By Janine Warner, David LaFontaine

Tumblr blogs tend to be narrowly focused on a single subject or thought, although some celebrities have adopted Tumblr to advertise their co-branded merchandise or post publicity materials from their latest stroll down an A-list red carpet event. Still, this is not the platform for long-form meditations on being and nothingness, nor for 10,000 word posts on the migration patterns of the Arctic tern.

The name Tumblr comes from the term “tumblelog,” which is how tech geeks describe a blog where the owner posts only short sentences or photos.
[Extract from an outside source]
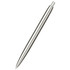 A recycled stainless steel ballpoint pen with a sleek silver finish and a simple, elegant design.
This is also known as microblogging, which is a much briefer form of traditional blogging. Tumblr is best understood as a way for you to give a little more information to your friends and followers than Twitter allows, but without having to go through the more formal and thorough process of publishing to the web required by many blogging software platforms.

Tumblr is a very visual platform, and Tumblr recently opened its platform to allow designers to add more custom touches to their themes. You can now trick out your Tumblr page with drop-down lists or jQuery plugins to make pages automatically resize themselves for tablets and mobile devices.
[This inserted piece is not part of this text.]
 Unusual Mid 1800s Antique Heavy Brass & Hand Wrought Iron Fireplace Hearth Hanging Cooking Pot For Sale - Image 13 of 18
With the full spectrum of HTML and CSS tools coming into play to allow you to customize your Tumblr blog, the platform is starting to look more and more like traditional blogging — only shorter, which is probably the intent.

So, although you are encouraged to customize your Tumblr page to your heart’s content, teaching you the required HTML and CSS skills would take quite a long time.

If you’re feeling a little overwhelmed by all the choices, a good course of action might be to download and install a custom theme and then add a few flourishes here and there, such as changing the font, banner, or color scheme.